Ce voyage à la fois universel et intime au gré de la pensée humaine apposée au paysage rejoint celui que nous propose Éléonore Deshayes. La planéité de ses œuvres nous renvoie à l’estampe japonaise dont la poésie souligne l’épure, basculant le spectateur vers ses propres ressentis face à la nostalgie de l’artiste. Ses matériaux visuels sont issus de ses propres photographies de voyage dont elle extrait les éléments propres à composer un nouveau paysage teint de mélancolie. L’usage du matériau photographique incite à la profondeur, à l’exploration de couches visuelles successives, superposées en étapes graphiques. Les couleurs, franches et douces, amènent une part d’incertitude par leurs coulures. L’artiste interroge ainsi l’arrêt souhaité du temps dans la recomposition du souvenir, comme un mouvement perpétuel impossible à saisir. En découle un questionnement sur le paysage même qui nous accueille, dont l’existence n’a de sens que dans les yeux de celui qui le regarde, en délimite les points d’intérêt comme la finitude.

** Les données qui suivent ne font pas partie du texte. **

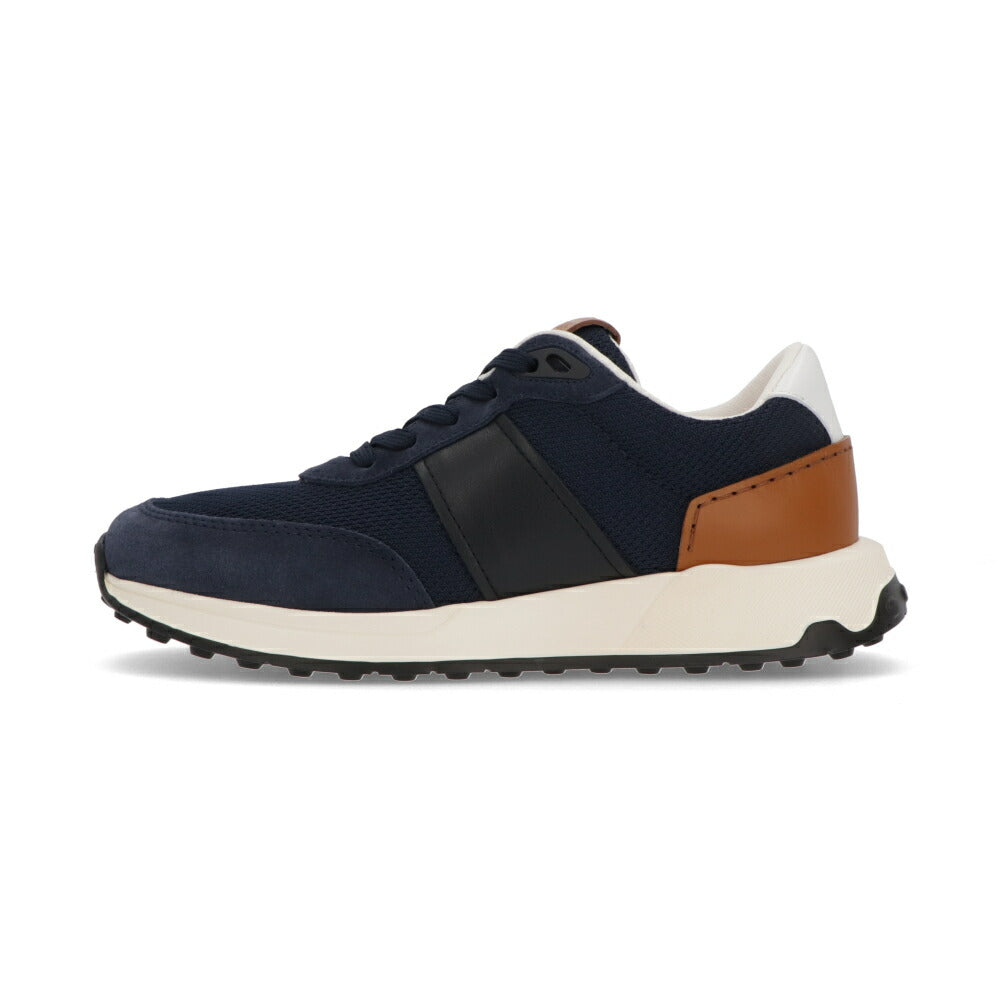 TOD'S スニーカー ネイビー スムースカーフスキン バイカラー レースアップ スポーティ ローカット XXM63K0GT70T91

Ces souvenirs d’une histoire commune ou personnelle nous portent alors dans des lieux étranges, dont le spectateur peut s’imaginer le récit, résoudre les énigmes qui s’étalent entre passé du souvenir et présent de l’œuvre, réel du matériaux visuel ou fiction de sa représentation. La déconstruction mène à la reconstruction d’un espace unique, détaché de ses sources d’inspiration pour aller vers un langage universel que chacun est libre de s’approprier au rythme de sa propre imagination.